The report shows the progress towards these targets in each of the nine regions, and generally there has been at least some progress on each of the goals, but many are improving too slowly to meet the 2015 deadline.

Some regions have faired better than others. Of the 16 specific targets listed, North Africa is expected to meet nine of these, and has moved backwards on only one of these targets, whereas the Oceania region is losing ground on five of its targets and expected to be meeting only one. Perhaps the biggest improvement comes from Eastern Asia, which will meet 12 of the targets. It is a mixed picture.

Of the targets themselves, some have made excellent progress, whilst other goals have been missed miserably. Improvements have been made across the board in primary school enrolment for girls, productive and decent employment, reducing child mortality and maternal health, and internet usage.
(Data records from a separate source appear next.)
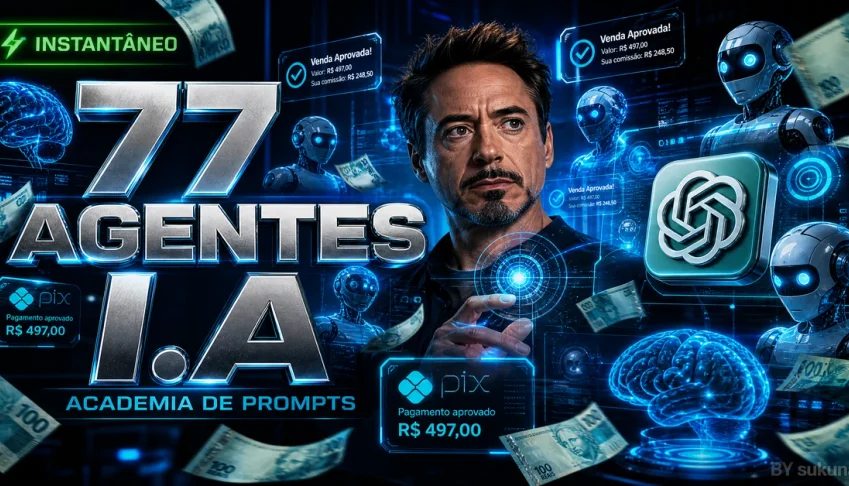 🤖 77 Agentes Virtuais + 10.500 Prompts Ia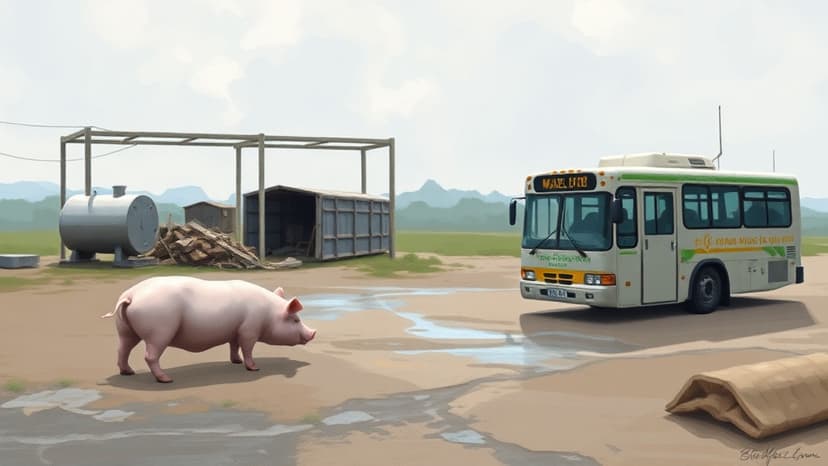 Cuba's Matanzas Project to Convert Pig Waste into Biogas for Public Buses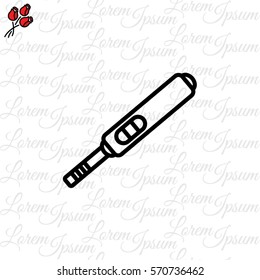 Web line icon. Pregnancy test.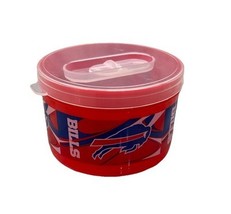 NFL Buffalo Bills Plastic Dip Snack Container W/Lid 11.5oz/340ml  Licens... - $14.73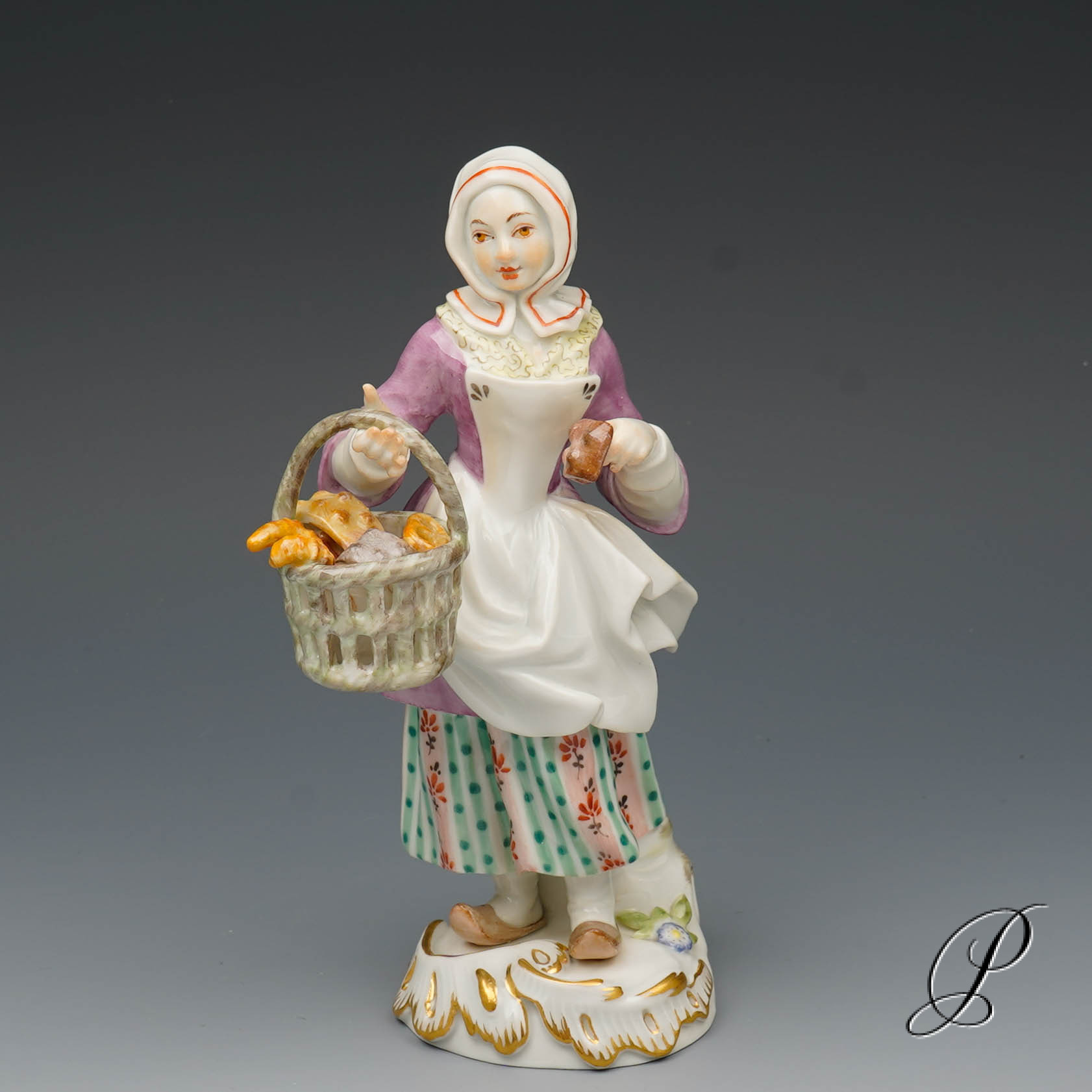 Meissen Figur Pariser Ausrufer Cris De Paris Geb ckverk uferin Meissen Figur Pariser Ausrufer Cris De Paris Geb ckverk uferin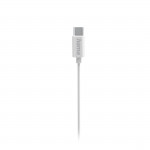 Slúchadlá Curly, do uší, mikrofón, ochrana kábla, USB‑C, biele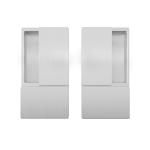 AGB - MUŠLA WAVE na posuvné dvere bez otvoru bez otvoru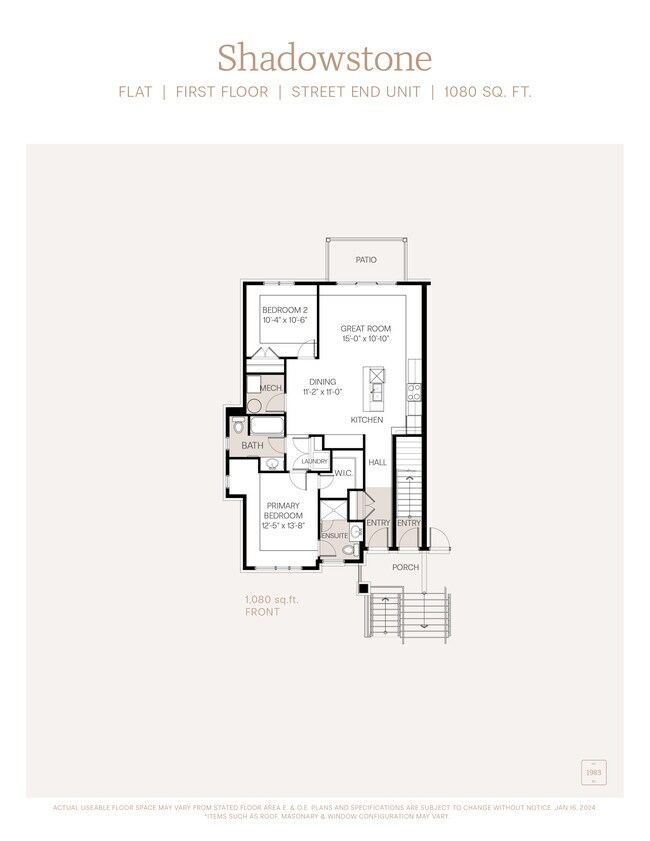 Plan d'étage - Grant Court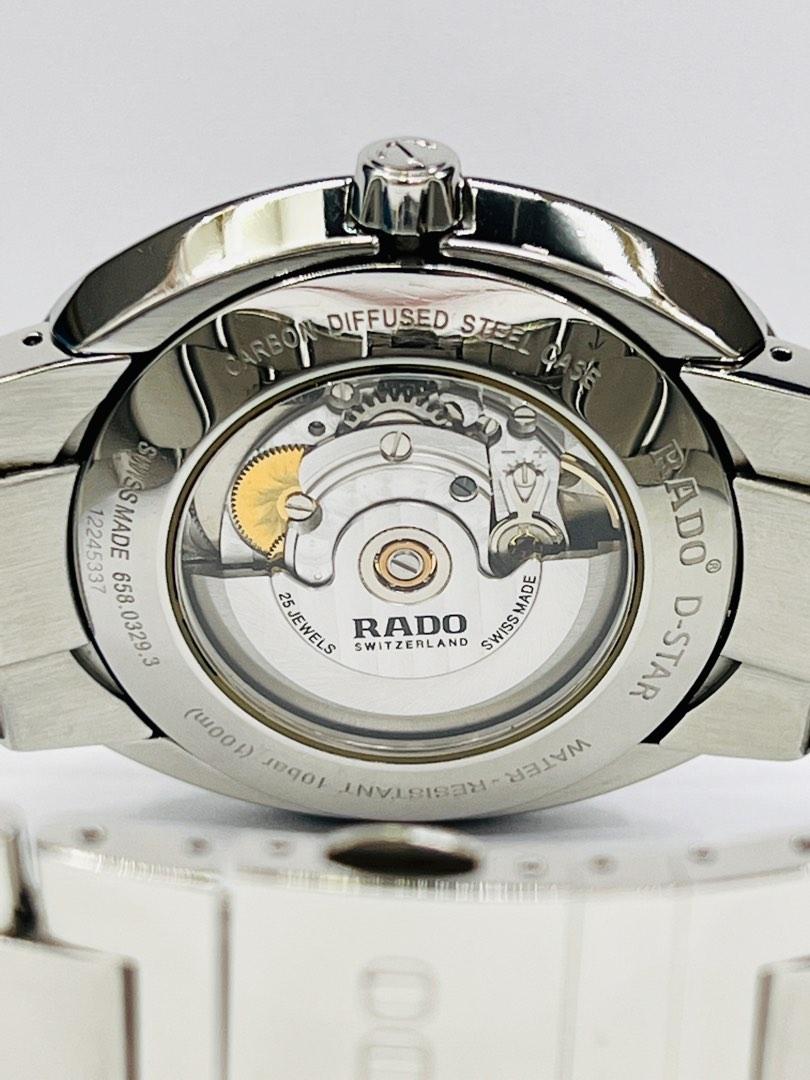 Rado D Star XL Carbon Steel Automatic Watch W0736 Men s Fashion
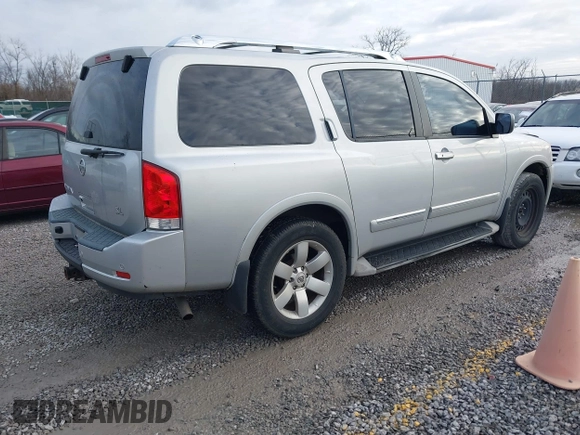 2011 Nissan Armada Platinum z VIN 5N1AA0NC2BN615574, wystawiony jako IAAI lot #41222471 z przebiegiem 340 803 mil mil oraz . Historia ofert i sprzedaży dostępna na DreamBid. Obrazek 4.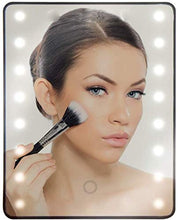 Trucco specchio con luci Specchio per il trucco LED A LED 22 LED Vanity Cosmetic Specchio Touch Screen Light regolabile Dimmable Dual Power Alimentazione 180 e deguotazione per il comò da bagno LBWARM
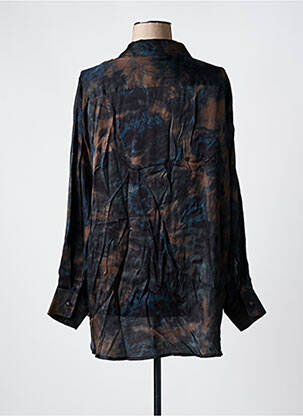 Chemisier coupe fluide manches longues noir BRAND UNIQUE femme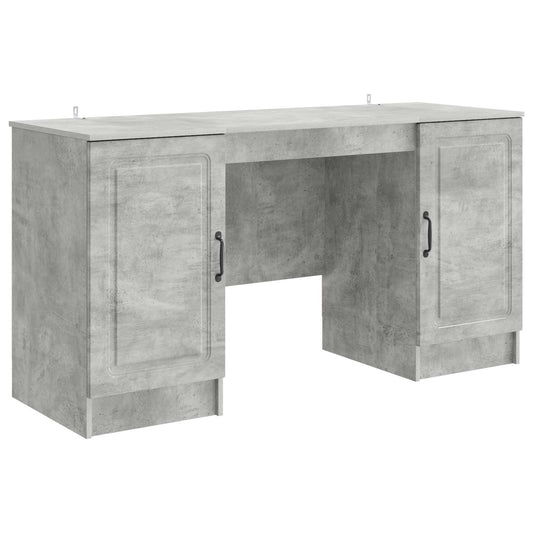Desk Concrete Grey 142.5 x 50 x 75 cm Engineered Wood Desk Concrete Grey 142.5 x 50 x 75 cm Engineered Wood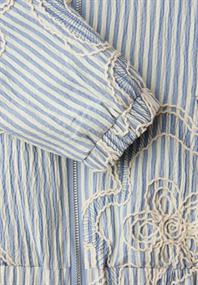 Blouson mit Streifen und Embroidery sky lavender blue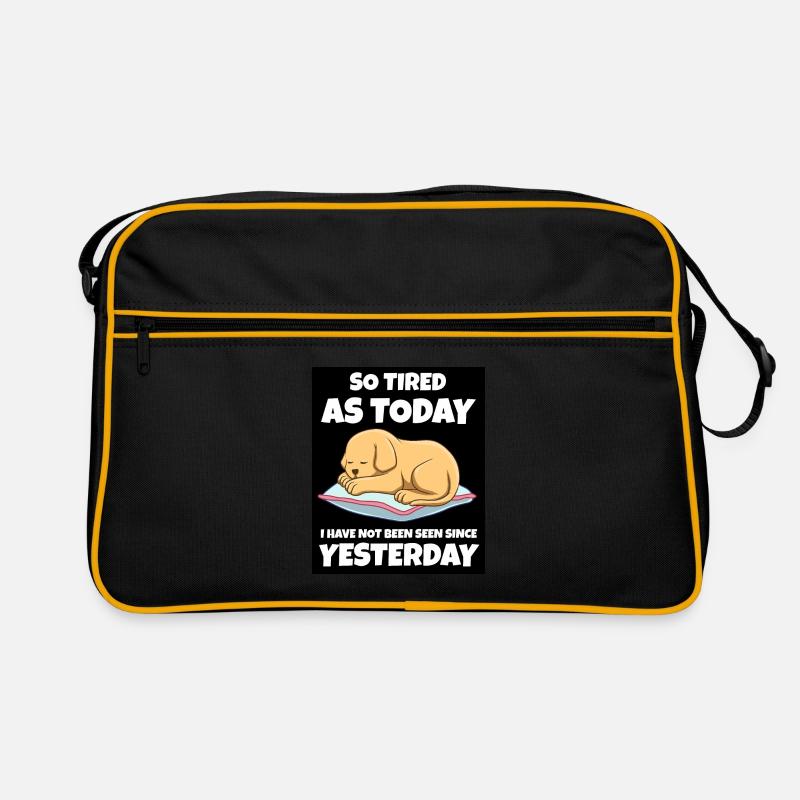 Schlafen Süß Geschenk Retro Tasche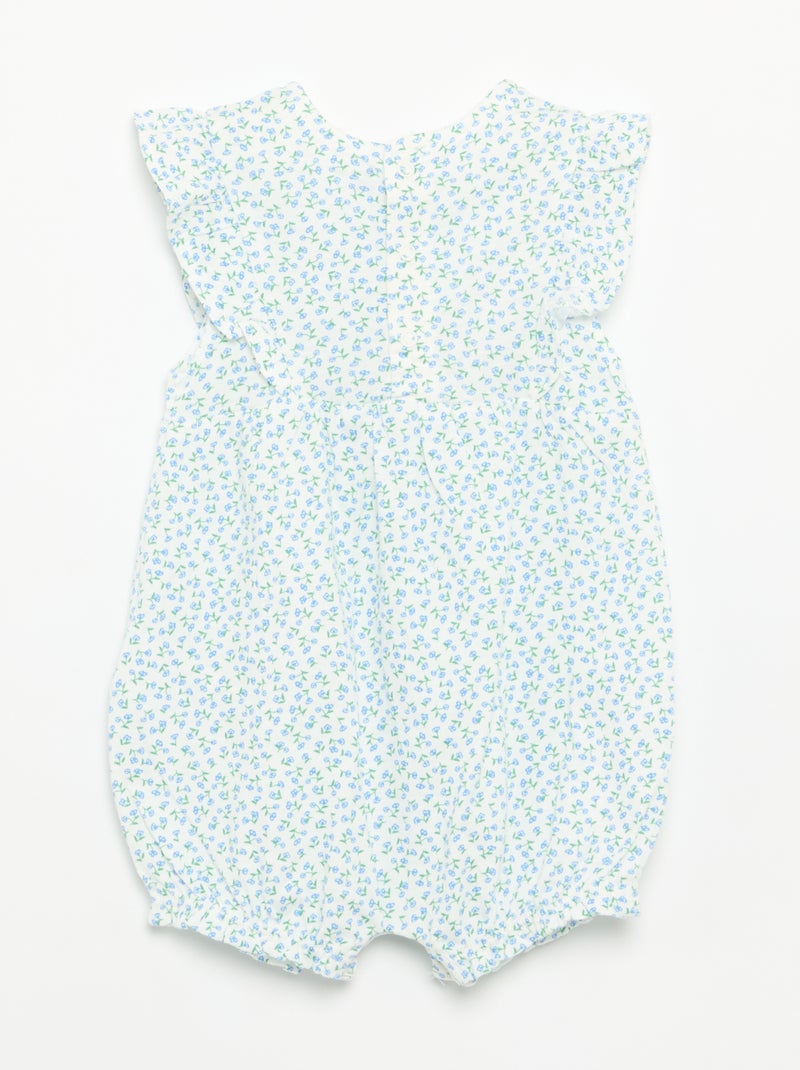 Ranita estampada de algodón Azul - Kiabi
On the other hand, no region will meet their targets for women’s equal representation in national parliaments, and only 1 region will meet its target in achieving universal primary schooling or access to reproductive health.

The report states that, “meeting the remaining targets, while challenging, is possible ─ but only if Governments do not waiver from their commitments made over a decade ago”.

Ban Ki-moon says, “The current economic crises besetting much of the developed world must not be allowed to decelerate or reverse the progress that has been made. Let us build on the successes we have achieved so far, and let us not relent until all the MDGs have been attained”.